Cuando Madame Guyon estaba presa en el castillo de Vincennes, dijo: «Me parece que soy un pajarillo que el Señor ha puesto en una jaula y que no tengo ahora otra cosa que hacer, sino cantar».
«Y las prisiones serán como palacios
Si Jesús habita conmigo allí».
Nunca en mi vida he podido profundizar tanto en la Palabra de Dios como ahora; aquellas escrituras en las que antes no veía nada, ahora en este lugar y estado (la prisión de Bedford), me irradian luz, además, Jesucristo nunca fue más real y aparente que ahora; ¡aquí lo he visto y lo he sentido en realidad!
—John Bunyan
El Nuevo Testamento no nos cuenta ningún lamento por parte de los que se sacrificaron por Cristo. Los apóstoles nunca contaron en un tono patético la historia de lo que habían dejado por el ministerio cristiano.

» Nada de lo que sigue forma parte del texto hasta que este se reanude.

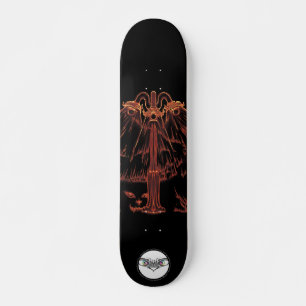 Laternorange-leuchtende Katzenaugen Skateboard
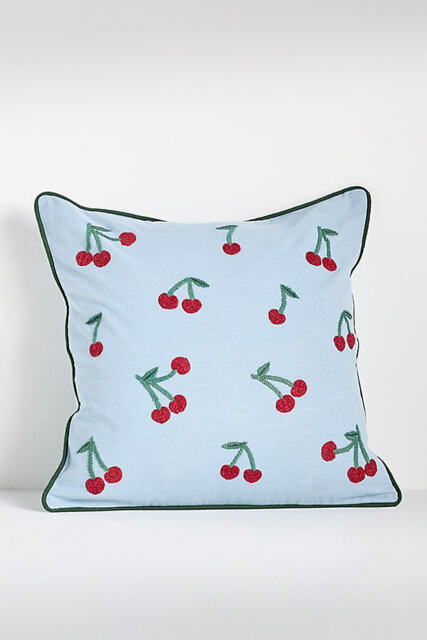 Icon Cotton Embroidered Cushion - image 1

Los mártires de la antigüedad a veces besaban el poste donde sufrían de una manera tan cruel.
Ese es el espíritu en el cual nosotros debemos perder, sufrir y morir por causa de Cristo.
Renunciando a todo de esta manera, lo ganamos todo. Nada produce mayor ganancia que las amorosas renuncias personales por causa de los valores más elevados.
«He visto los reflectores de una maquinaria gigante precipitarse hacia adelante a través de la oscuridad, sin hacer caso a la oposición y sin temer el peligro.
He visto los relámpagos a medianoche atravesar un cielo tempestuoso, rasgando la oscuridad caótica con rayos de luz, hasta que el cielo resplandecía como el sol del mediodía.
Yo sabía que esto era grandioso, pero lo más grandioso a este lado de la luz que fluye del trono del Dios todopoderoso es la bendita gracia de la vida humana que se entrega en servicio desinteresado por un mundo quebrantado y encuentra su hogar por fin en el regazo del Dios eterno».